For Komeh Davis, making cakes is an art—and the reason she opened a bakery.

Komeh Davis was going to be a lawyer.

The daughter of an attorney, Komeh graduated from Miles Law School and started studying for the Alabama bar exam. She thought her career plans were set. But then, she met well-known baker Buddy Valastro.

Well, not in person. She was introduced to the cake baker and pastry chef extraordinaire on Food Network’s TV show Cake Boss. Even through the screen, however, Komeh was captivated by his expert cake-making skills—and with the art of cake-making itself.

“It was the art,” she said of what drew her so strongly to the desire to try making professional-grade cakes like Valastro. Her involvement in the visual arts program at the Alabama School of Fine Arts as a high school student, and her exposure to baking with her mother as a child, gave her a foundation—and more reasons—to entertain the idea of baking professionally, especially given how close she was to being able to practice law. “I have a passion for art. The artistic part of me said I need to learn how to put that on cake. I said, ‘OK, I need to try this.’”

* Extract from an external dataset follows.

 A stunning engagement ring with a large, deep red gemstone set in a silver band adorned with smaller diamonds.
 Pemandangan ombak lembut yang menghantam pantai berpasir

In 2009, with the tenacity of a star chef vying for a title on one of her favorite cooking shows, Komeh dedicated herself to learn the intricacies of this sweet craft. She watched more shows and videos, read books about baking cakes and practiced, practiced, practiced.

Her first test came when she offered to make a three-tiered lemon cake for her grandmother’s 80th birthday. “It wasn’t my best work,” she says, laughing and shaking her head. “I was learning how to make flowers, so I put calla lilies all over it. I just continued to practice.”

She went to a class to learn how to properly ice a cake, and followed that with online classes. And, of course, she continued to watch her on-screen cake-making hero, Buddy, on Food Network. She was an artist using cake as her canvas. And in 2011, Komeh, her husband, Cardell, and her mother opened their first brick-and-mortar bakery, CakEffect, in Homewood.

Komeh says her mother came up with the name after watching Oprah visit someone’s bakery. The phrase “the Oprah effect” came up. “Once Oprah does something, you get that,” Komeh says. “So, she said ‘I’ve got the name: CakEffect. You want to have that same effect on people where they just keep coming back.’”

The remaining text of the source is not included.